▶ [Problem statement]: Output the lines from the one holding "2222 Bales Rd, Knoxville, TN 37914" to the end of the entries that follow, exactly and only those, minus any pictures.

[Short descriptive text snippets]
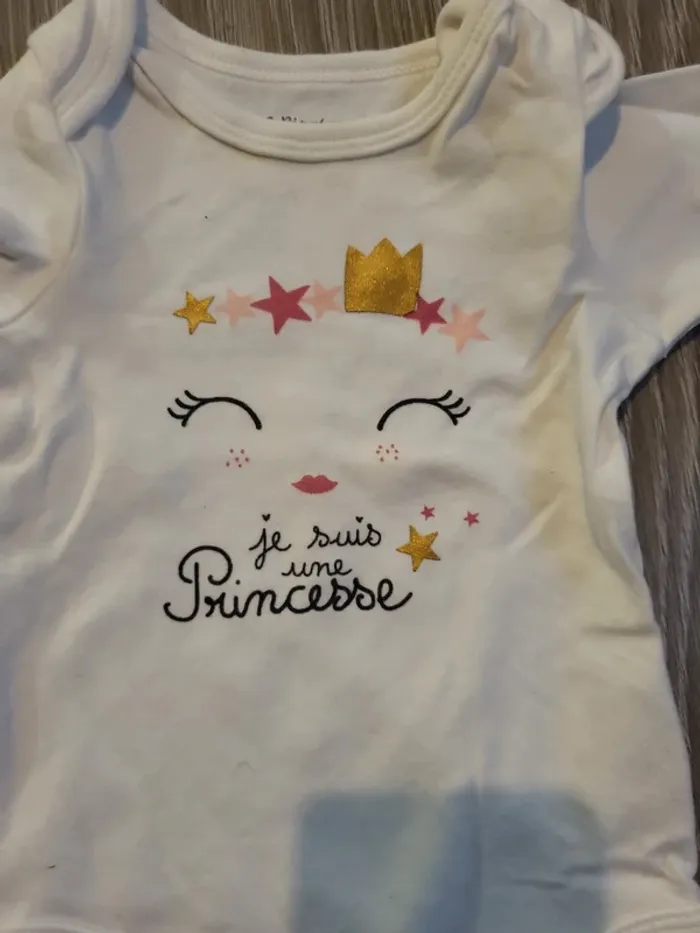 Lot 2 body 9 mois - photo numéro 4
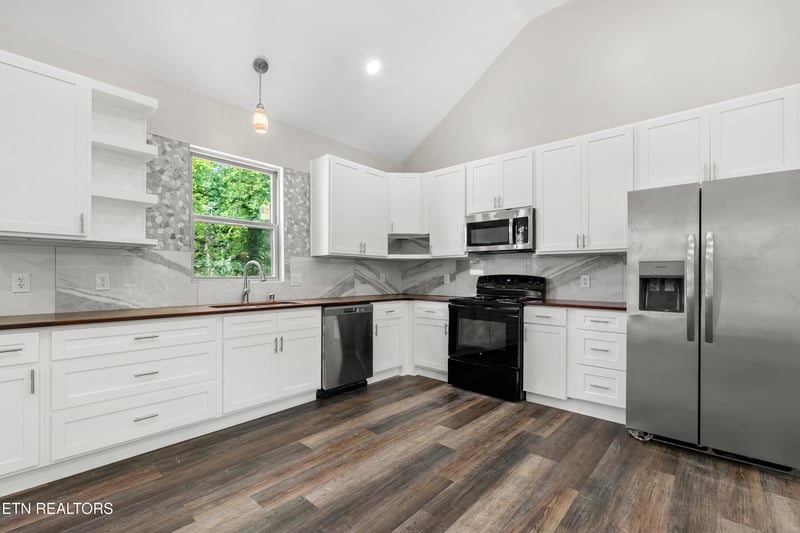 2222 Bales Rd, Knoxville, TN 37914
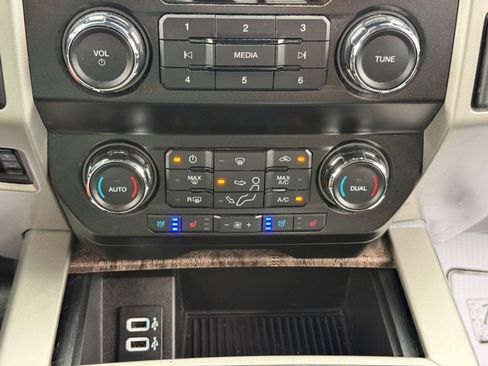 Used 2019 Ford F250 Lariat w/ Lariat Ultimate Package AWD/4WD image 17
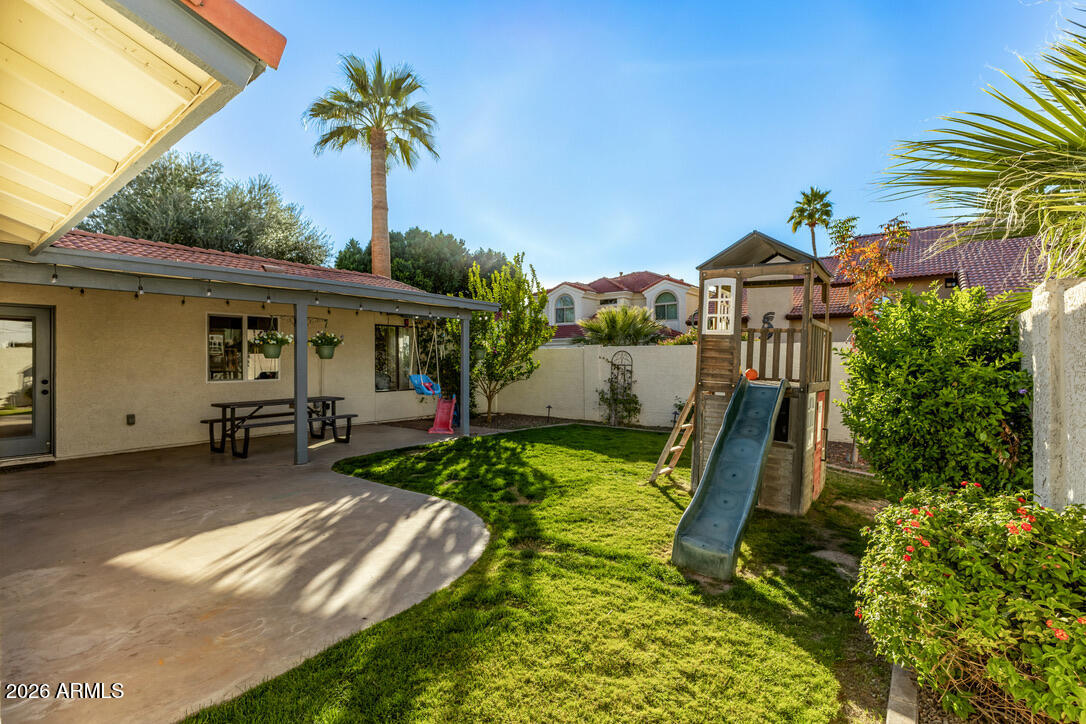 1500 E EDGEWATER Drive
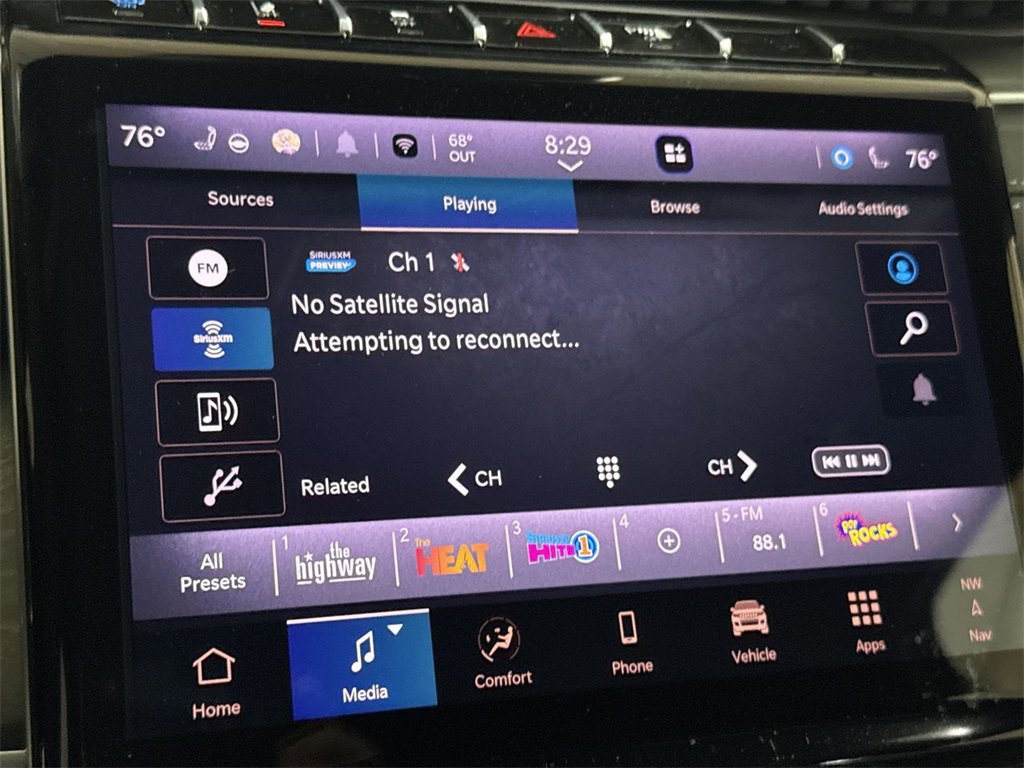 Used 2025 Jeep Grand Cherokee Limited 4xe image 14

▶ [Solution for this task]:
 2222 Bales Rd, Knoxville, TN 37914
 Used 2019 Ford F250 Lariat w/ Lariat Ultimate Package AWD/4WD image 17
 1500 E EDGEWATER Drive
 Used 2025 Jeep Grand Cherokee Limited 4xe image 14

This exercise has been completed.